658/658 [==============================] - 149s 227ms/step - loss: 1.7753 - perplexity: 5.9019 - accuracy: 0.7183 - val_loss: 2.0039 - val_perplexity: 7.4178 - val_accuracy: 0.7057 - lr: 0.0010
It starts with:
"What do you had not been i had been the same"...
Which doesn't really make much sense. By the end of the ten short epochs, it produces something along the lines of:
"What do you mean that is the most ordinary man of a man of course"...
While the second sentence still doesn't make too much sense - it's much more sensical than the first. Longer training on more data (with more intricate preprocessing steps) would yield better results. We've only trained it on 10 epochs with high dropout to combat the small dataset size. If it were left training for much longer, it would produce very Fyodor-like text, because it would've memorized large chunks of it.
Note: Since the output is fairly verbose, you can tweak the verbose
argument while fitting the model to reduce the amount of text on screen.
Model Inference
To perform inference, we'll want to replicate the interface of the TextSampler
- a method that accepts a seed and a response_length
(max_tokens
). We'll use the same methods as within the sampler:
def sample_token(logits):
logits, indices = tf.math.top_k(logits, k=5, sorted=True)
indices = np.asarray(indices).astype("int32")
preds = keras.activations.softmax(tf.expand_dims(logits, 0))[0]
preds = np.asarray(preds).astype("float32")
return np.random.choice(indices, p=preds)
def generate_text(prompt, response_length=20):
decoded_sample = prompt
for i in range(response_length-1):
tokenized_prompt = vectorize_layer([decoded_sample])[:, :-1]
predictions = model.predict([tokenized_prompt], verbose=0)
sample_index = len(decoded_sample.strip().split())-1
sampled_token = sample_token(predictions[0][sample_index])
sampled_token = index_lookup[sampled_token]
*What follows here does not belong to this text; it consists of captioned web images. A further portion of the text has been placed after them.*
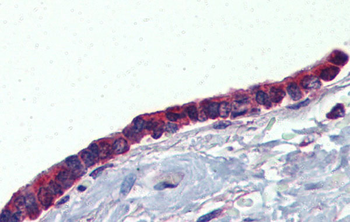 PLUNC Rabbit Polyclonal Antibody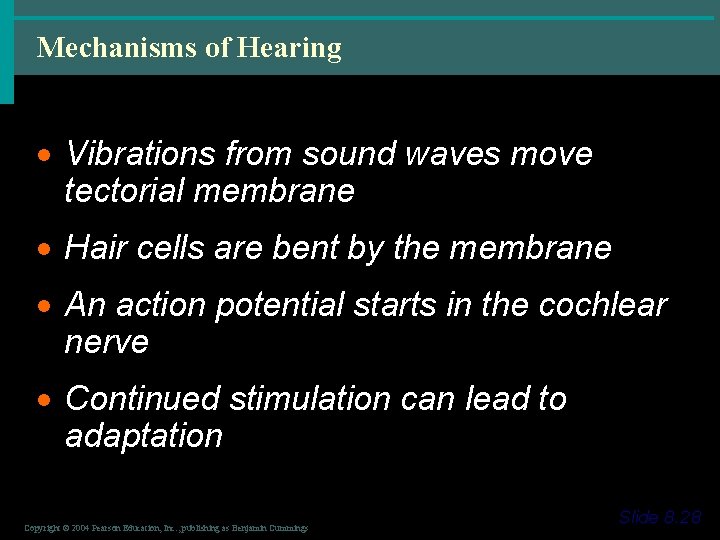 Mechanisms of Hearing · Vibrations from sound waves move tectorial membrane · Hair cells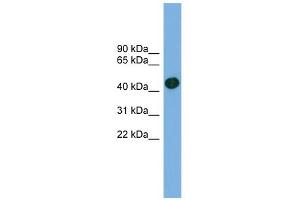 WB Suggested Anti-ACTRT1 Antibody Titration: 0. (ACTRT1 antibody  (Middle Region))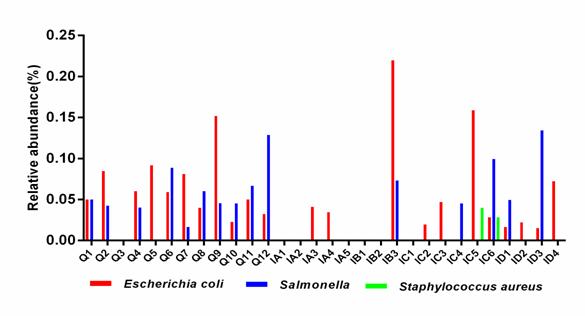 3bacterial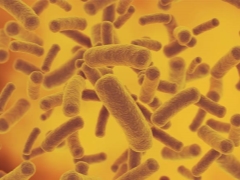 Bacteriile din urină (bacteriurie) la un copil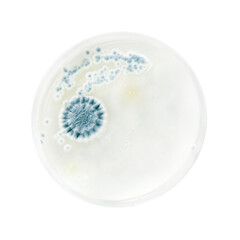 Mold bacteria growth in a petri dish closeup on white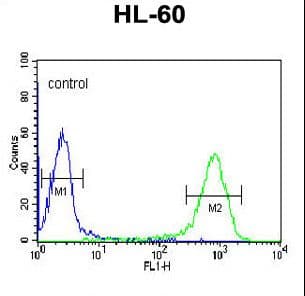 DCP2 Antibody (aa144-173)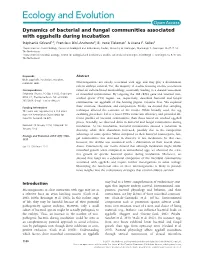 Dynamics of Bacterial and Fungal Communities Associated with Eggshells During Incubation Stephanie� Grizard1,2, Francisco Dini-Andreote2, B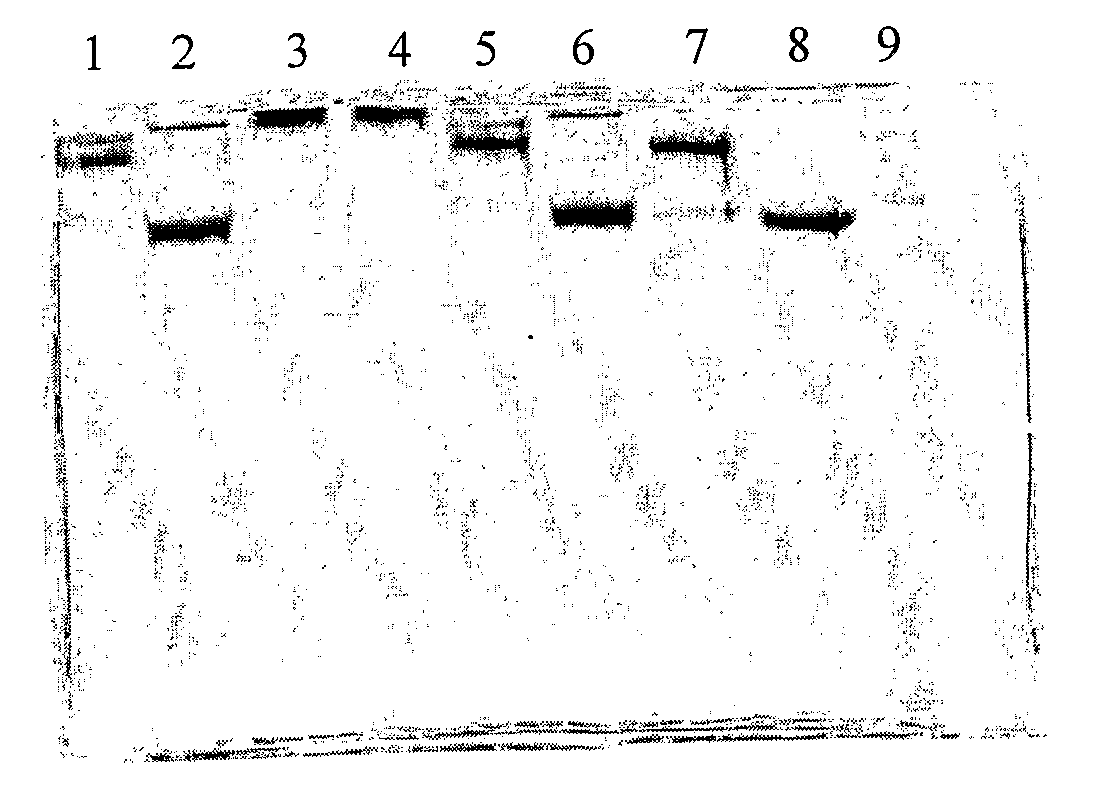 Method for Obtaining Modified Proteins and Viruses with Intact Native Binding Site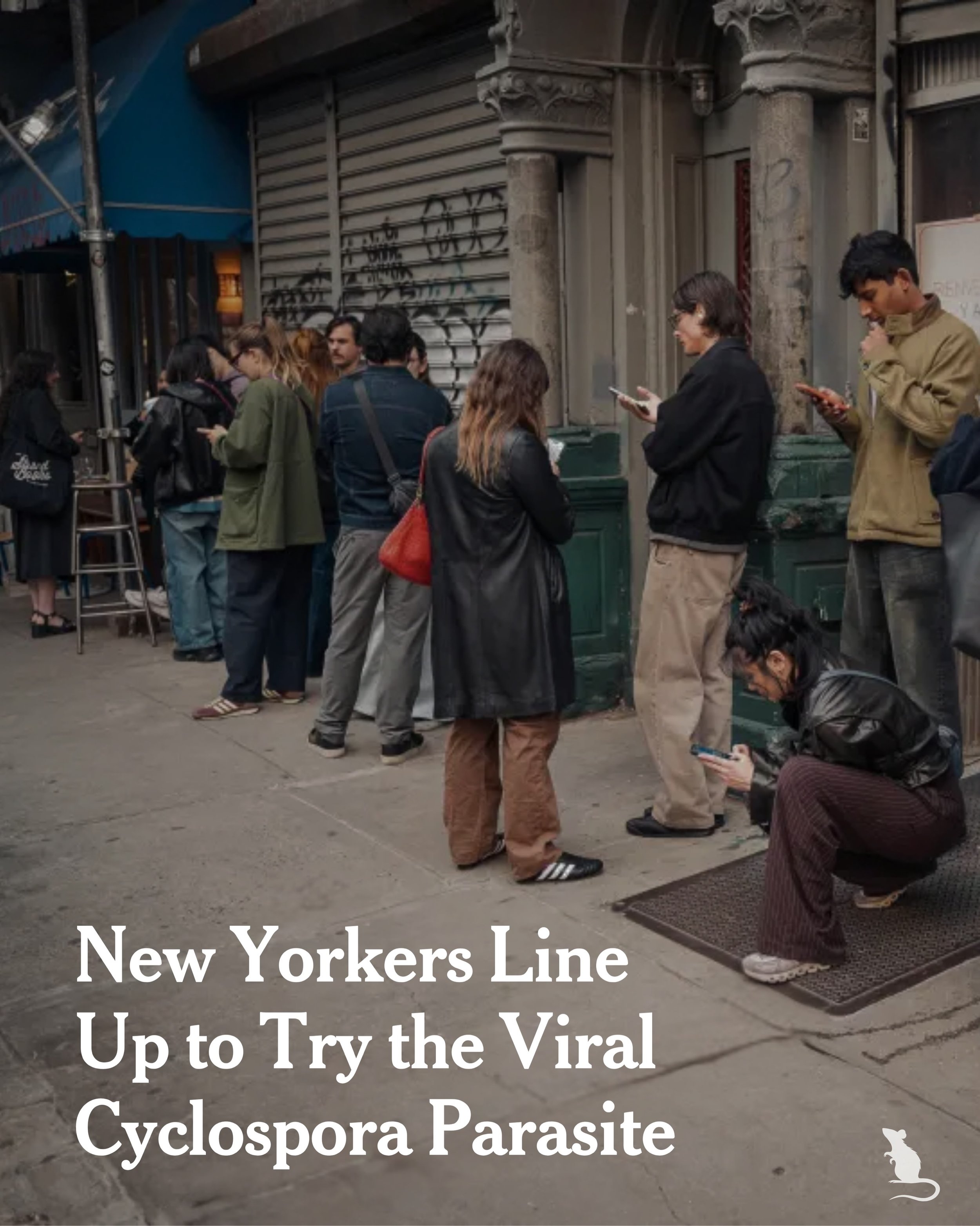 New Yorkers Line Up to Try the Viral Cyclospora Parasite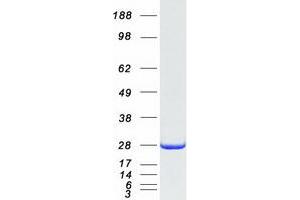 Validation with Western Blot (NIPSNAP3A Protein (Myc-DYKDDDDK Tag))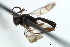  ( - 07PROBE-23057)  @12 [ ] CreativeCommons - Attribution (2009) Unspecified Centre for Biodiversity Genomics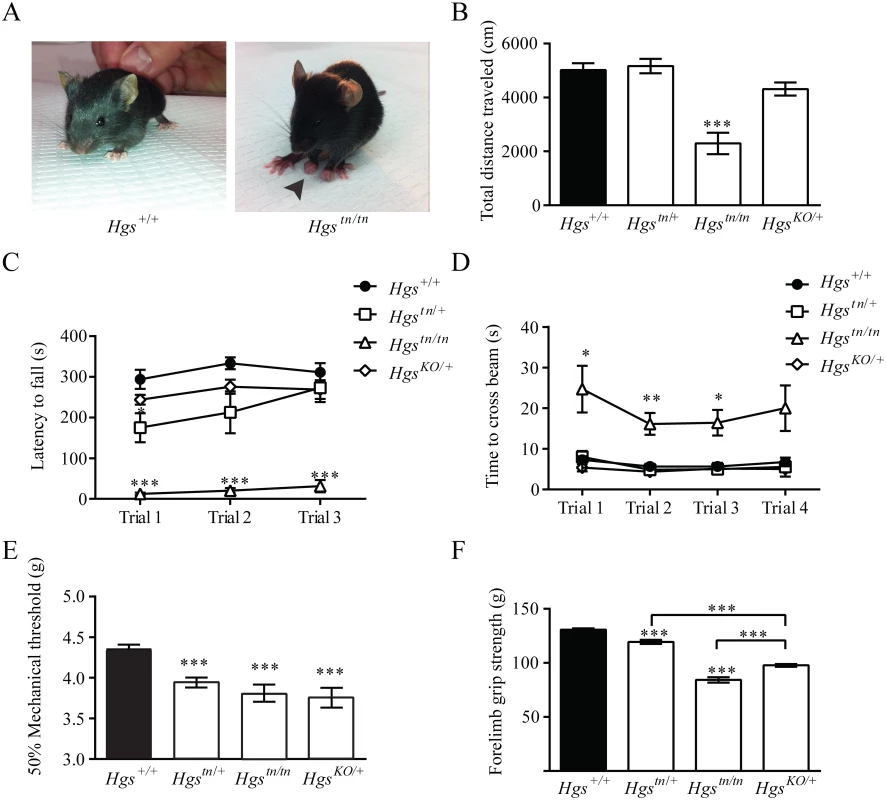 Gene dosage effects of HGS expression on motor and sensory function in 3- to 4-week-old mice.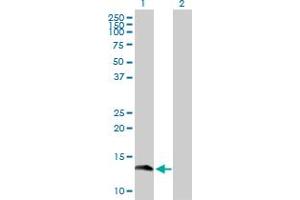 Western Blot analysis of GEMIN7 expression in transfected 293T cell line by GEMIN7 MaxPab polyclonal antibody.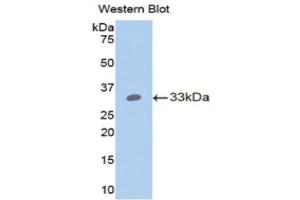 Western Blotting (WB) image for anti-Angiopoietin-Like 4 (ANGPTL4) (AA 183-401) antibody (ABIN1174065)
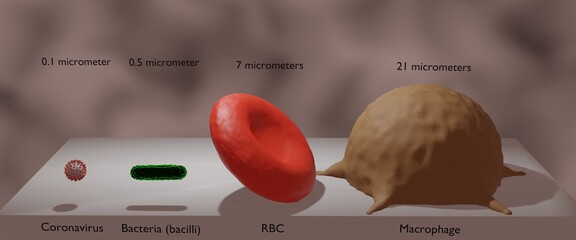 particles in size: coronavirus, bacteria, rbc, and wbc in 3d illustration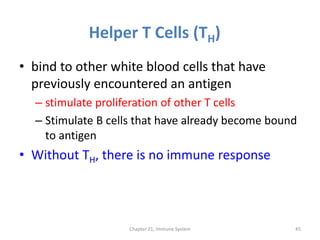 Helper T Cells (TH)
• bind to other white blood cells that have
previously encountered an antigen
– stimulate proliferation of other T cells
– Stimulate B cells that have already become bound
to antigen
• Without TH, there is no immune response
Chapter 21, Immune System 45
 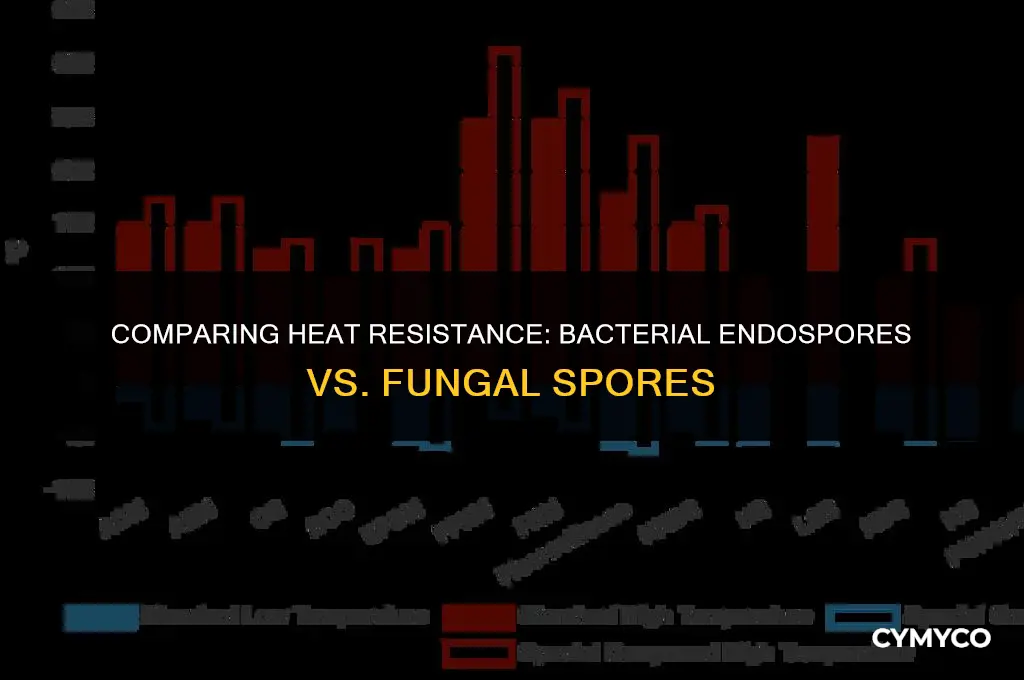 are bacterial endospores more heat resistant than fungal spores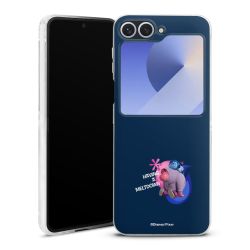 Skyddskal genomskinlig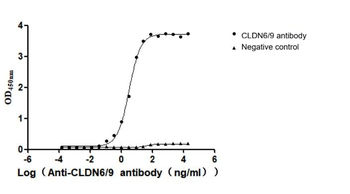 CLDN6/9 Antibody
decoded_sample += " " + sampled_token
return decoded_sample
Now, you can run the method on new samples:
generate_text('the truth ultimately is')
# 'the truth ultimately is really a joy in history, this state of life through which is almost invisible, superfluous teleological'
generate_text('the truth ultimately is')
# 'the truth ultimately is not to make it a little thing to go into your own life for some'
Improving Results?
So, how can you improve results? There are some pretty actionable things you could do:
- Data cleaning (clean the input data more meticulously, we just trimmed an approximate number from the start and removed newline characters)
- Get more data (we only worked with a few megabytes of text data)
- Scale the model alongside the data (stacking decoders isn't hard!)
Conclusion
While the preprocessing pipeline is minimalistic and can be improved - the pipeline outlined in this guide produced a decent GPT-style model, with just 5 lines of code required to build a custom decoder-only transformer, using Keras!
Transformers are popular and widely-applicable for generic sequence modeling (and many things can be expressed as sequences). So far, the main barrier to entry was a cumbersome implementation, but with KerasNLP - deep learning practitioners can leverage the implementations to build models quickly and easily.